Cleaning up your work area is always both a physical and a mental exercise. There is nothing more liberating than to be able to walk from your desk to the door in a straight line without running a slalom course of papers, boxes and other things. Now, things weren't quite as bad as i make them sound here, but straightening the physical things around you actually does help you get things straight in your mind as well - and i need all the help with that I can get.
Another thing you have to deal with when cleaning is the 'do i really need this, can i give it away, or is it just garbage?' question about things. Ever since Seraphim and I met one of the most mind boggling things she's had to deal with was my fansubs collection. Her first reaction years ago to the four bookshelves of VHS tapes was "you have got to be kidding me."
I first started collecting fansubs and tapes of raw off-tv anime many years ago, long before people were spoiled by the easy ability of digisubs (digital fansubs). At it's height, my fansubs collection - which was about half subs and half raw untranslated anime - totaled over 500 vhs tapes. That took a lot of shelf space. :) I stopped collecting fansubs about six years ago (for various reasons, expense mostly). The size of this 'static' collection has been getting smaller and smaller as I cull it occasionally. Several years ago i threw away almost 300 tapes. The remaining 200 have been culled here and there, but it still took up most of an entire shelf unit
The first things to go were tapes that I knew i'd never watch. I knew that i'd never actually sit and watch the entire season of Revolutionary Girl Utena or VS Lamune and 40 Fire in raw japanese (no offense to Utena or Lamune fans ^^;;). Some shows i'd never sit thru again, like Ganbaristo Shun! or YAT Anshin. These all went in the bin years ago. I still had a core group of tapes that I was reluctant to let go.
Now, Fansub ethics is pretty straight forward, at least for old school fansubber types like myself. Anime is *not* a free hobby, fansubs are NOT a cheap alternative to getting the real thing. The idea behind fansubbing was to translate and subtitle a series so fans could promote awareness of it and have access to shows that were unavailable outside of Japan. Once the rights to a series are purchased, you are supposed to stop distribution and delete or destroy the subs. In it's purest form, you were supposed to buy the american release when it came out as well, if you watched it.

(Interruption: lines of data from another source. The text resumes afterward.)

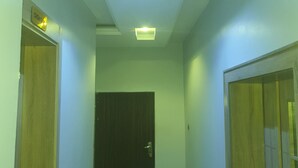 A hallway with two wooden doors, a dark door at the end, and a ceiling light fixture. - Bly & Schol Apartments (Abuja)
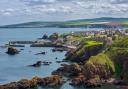 The fishing village of St Abbs seen from the southern side of St Abb's Head, Berwickshire, Scotland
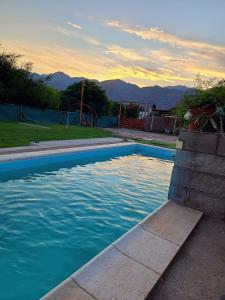 a swimming pool with blue water in a backyard at Complejo Huayra Huasi in Villa Bustos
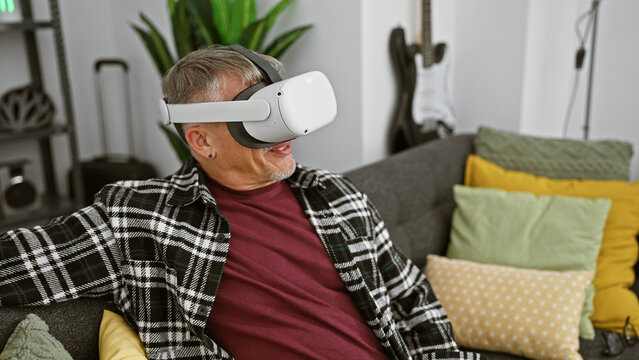 A middle-aged man with gray hair enjoys virtual reality in a cozy living room setting, evoking modern technology and leisure. - Powered by Adobe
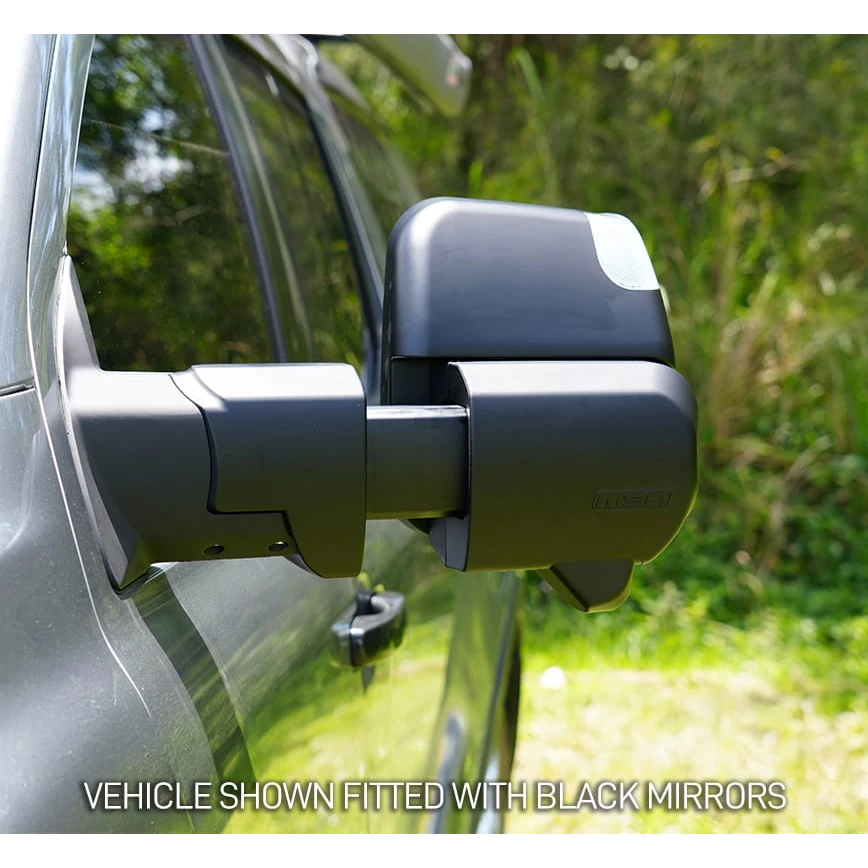 Close-up of a vehicle with black side mirrors against a natural background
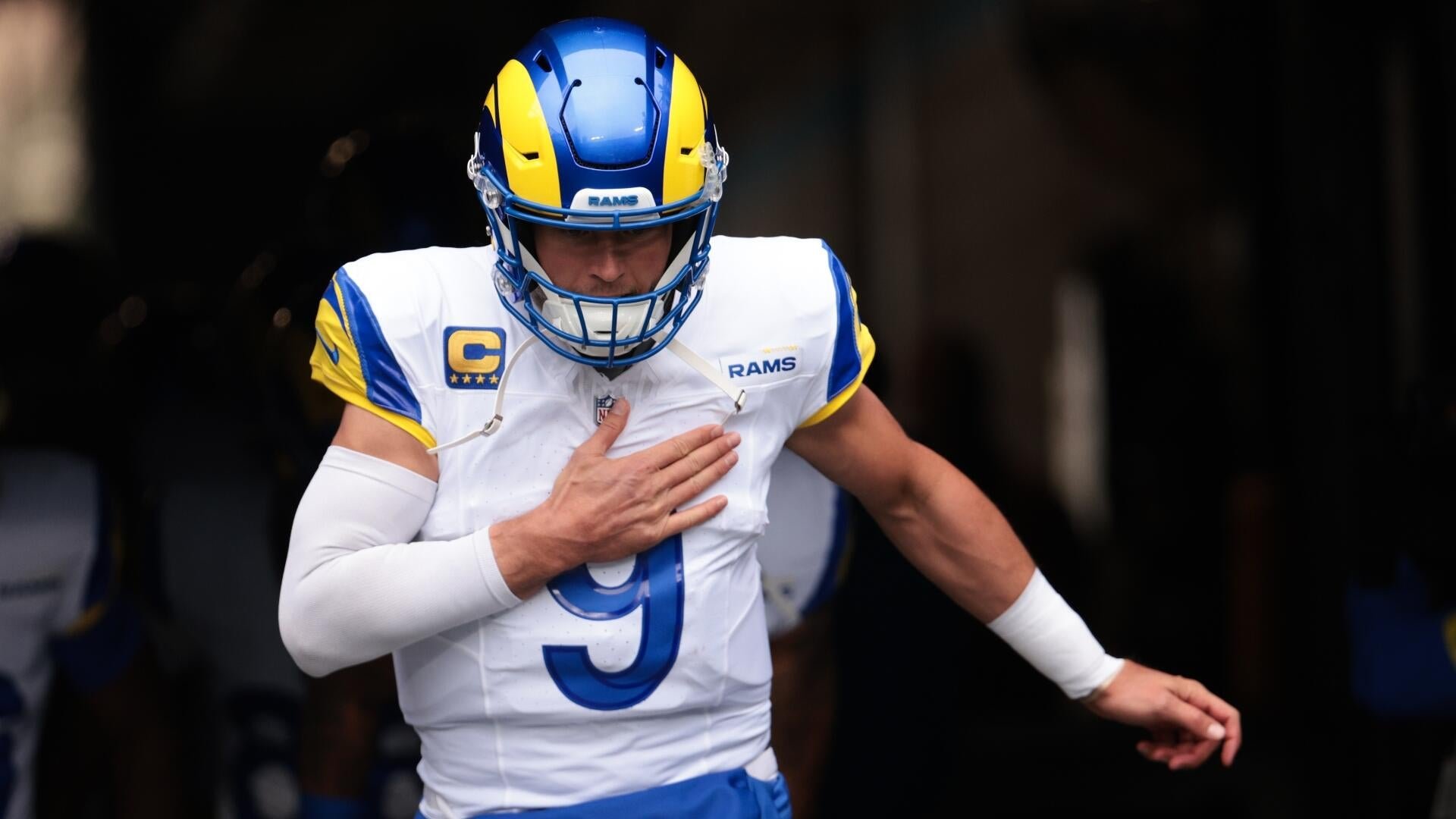 A Los Angeles Rams football player wearing a white jersey with the number 9 and a captain's "C" patch runs forward with his hand over his chest.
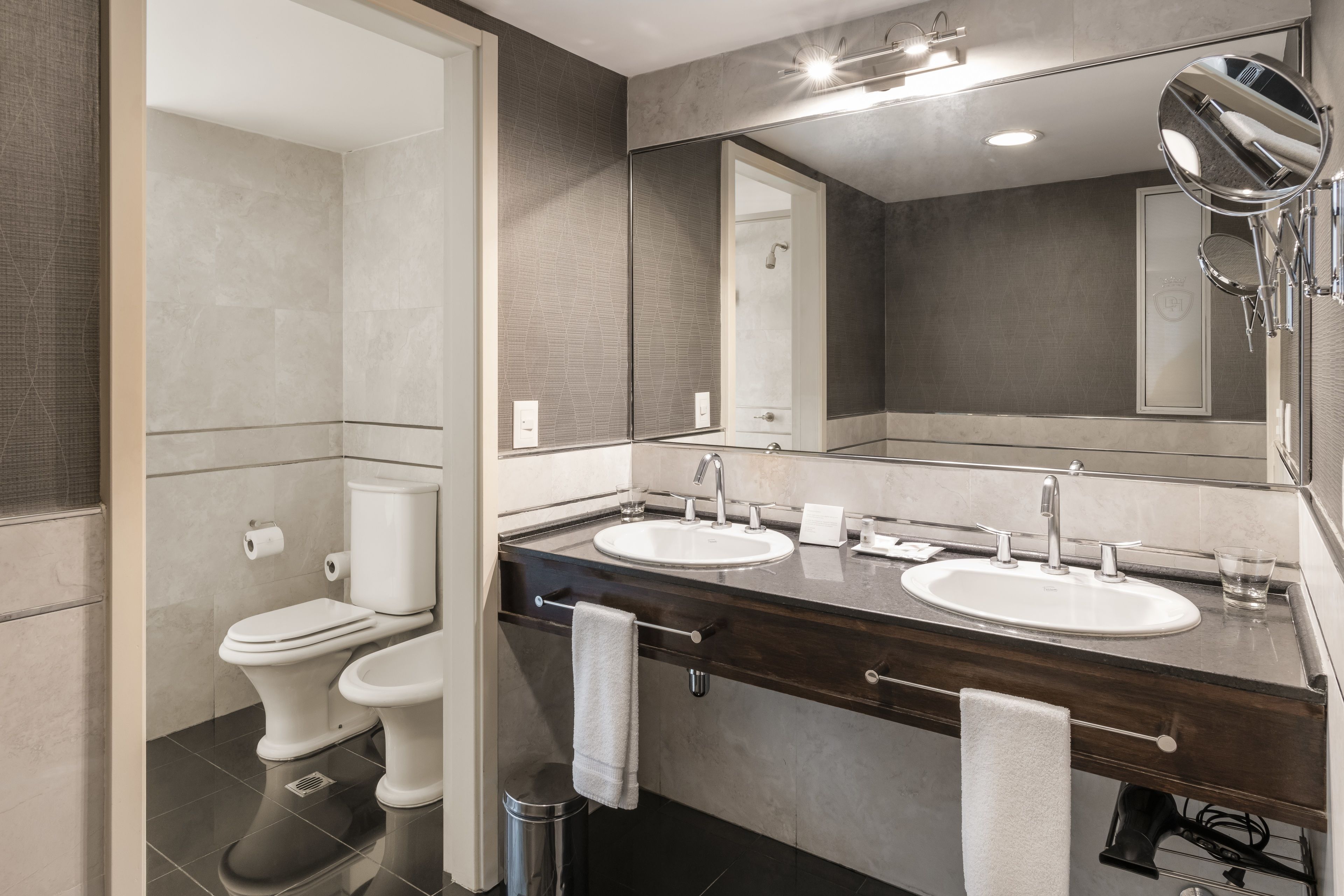 combined shower/bathtub, rainfall showerhead, hair dryer, bidet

Real life has few true black and whites, most things have various shades of grey. The fansub debate has been so horribly beat to death that it's almost a joke. Fansubbing's current form, Digisubbing, is tolerated by anime companies as long as it stays a lighter shade of grey.
I took a hard look at some of my favorite fansubs which were now out on DVD and decided it was time that they had to go. Technically, i haven't broken any fansub codes because i haven't WATCHED any of the damn things in years. I kept the tapes more out of habit, in case i felt like watching them again. After all, replacing all of these with DVDs would be expensive. Of course, I haven't exactly been in a position where i could just go out and do that. The 'i don't have enough money, its too expensive!' excuse, right? Old as the hills. Heard it a zillion times. Doesn't make it right.
Honestly, the old fansubbing days are truly gone. Most anime that is decent at all WILL come out domestically these days (like Haibane Renmei, which Pioneer announced recently - be good little boys and girls and buy the dvds when they come out, people ^_^), and in most cases the DVDs are well done and well produced. What most of you don't realise is just how incredibly fsking cool it is that so much is available these days. Back when I started watching anime, it was just one rack of tapes at the local Suncoast. There were so many shows that I would have bought on the spot, but the only way to get them was find the fansubs. Anime fans don't have that problem anymore. Fansubbing and the fansub community did its job, and did it well. Anime is more popular than ever, and enough so that even many obscure anime series are available on DVD. It's what we all wanted years ago.
Digisubbing has it's own place in todays anime culture. Some good, some bad - It relies more heavily than ever on the ethics of fans. If it wasn't for digisubs, how many people who know the story behind Kanon? Even so, you must remember, it's not free entertainment. There are people just like me who sweat blood and tears and who's livelihood increasingly relies on a series to not only doing well in Japan, but here in the states as well. That's the future of anime on the global scale, and this is a good thing.
I get asked about the possibilities of a Megatokyo anime all the time. Lets say Megatokyo came out in Japanese first, but was coming out in english two months later. Would YOU download a fansub, or would you wait for the english release?
I don't understand some fansub groups these days. It's a huge rush to sub and finish a new show as soon as it airs and try to do so desperately before the rights to the series are purchased and announced. It always amazes me when people get DEPRESSED when a series is picked up in the states. What the hell? I think that fansubbers these days would better serve the community by subbing more obscure, lesser known shows that may never see english release without more exposure. But that's just me.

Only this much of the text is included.